▶ Activity:
Copy out the full listing exactly, omitting any picture it contains.

▶ Recorded information:
--- START ---
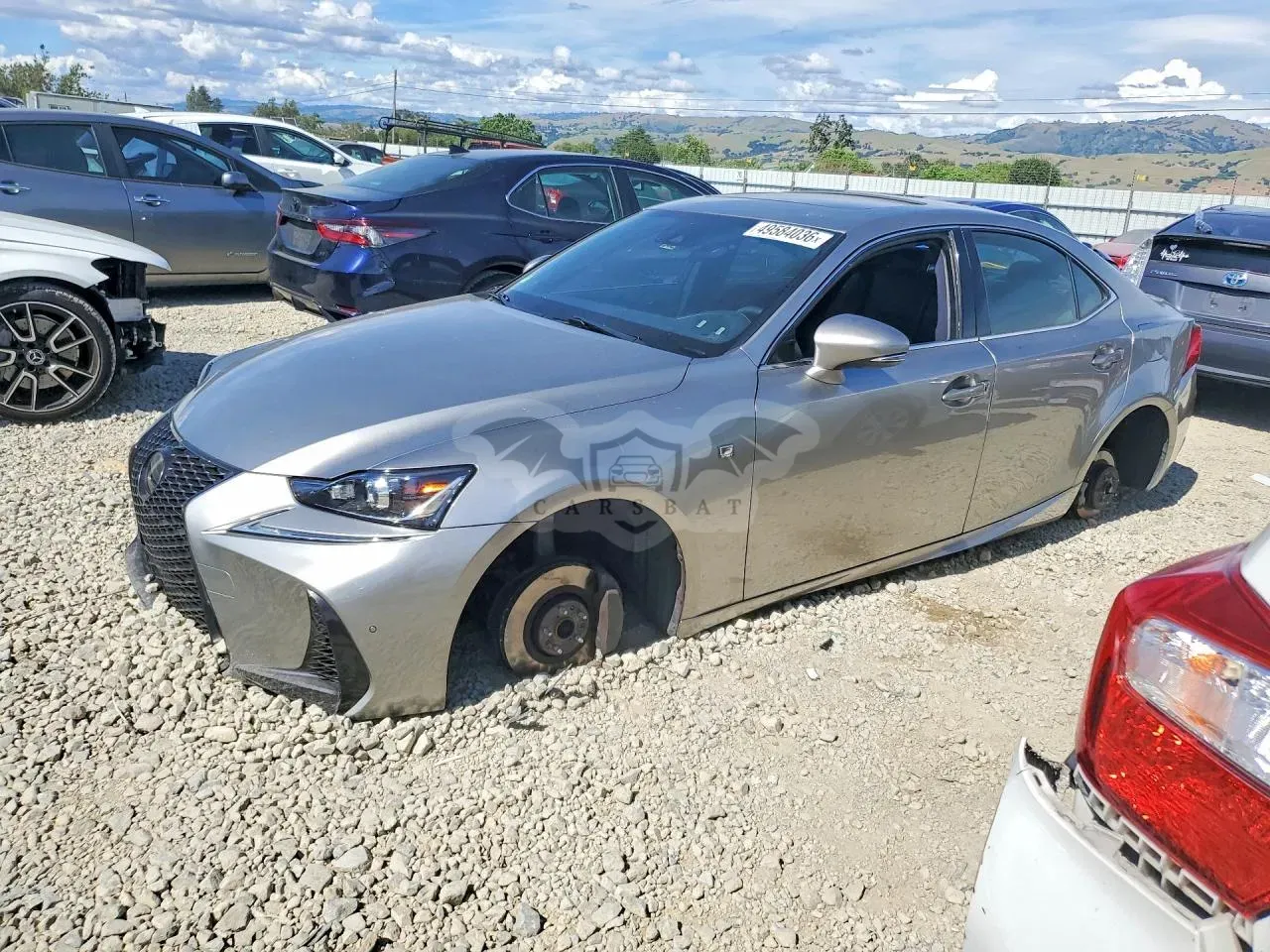 Lexus IS 2.0L 4 2019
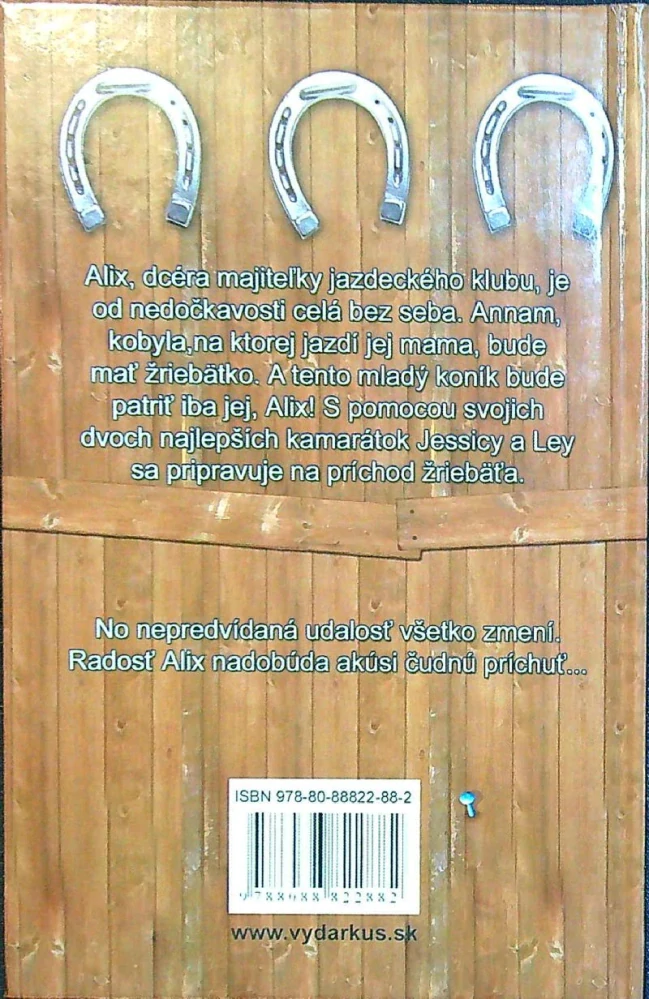 Žriebä z Garrigues Do sedla!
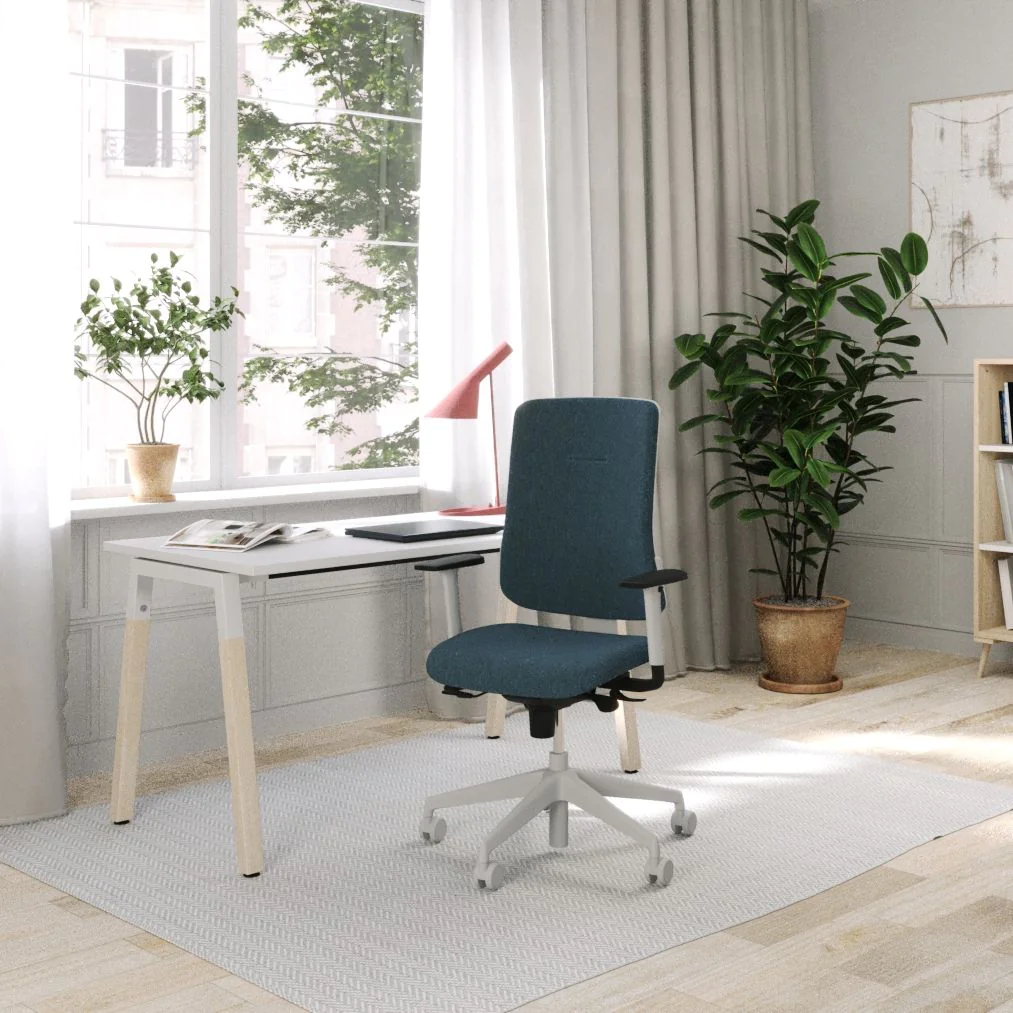 Bürostuhl Utila Mesh Grey von Nowy Styl - Produktbild 2 von 5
--- END ---
▶ Written response:
 Lexus IS 2.0L 4 2019
 Žriebä z Garrigues Do sedla!
 Bürostuhl Utila Mesh Grey von Nowy Styl - Produktbild 2 von 5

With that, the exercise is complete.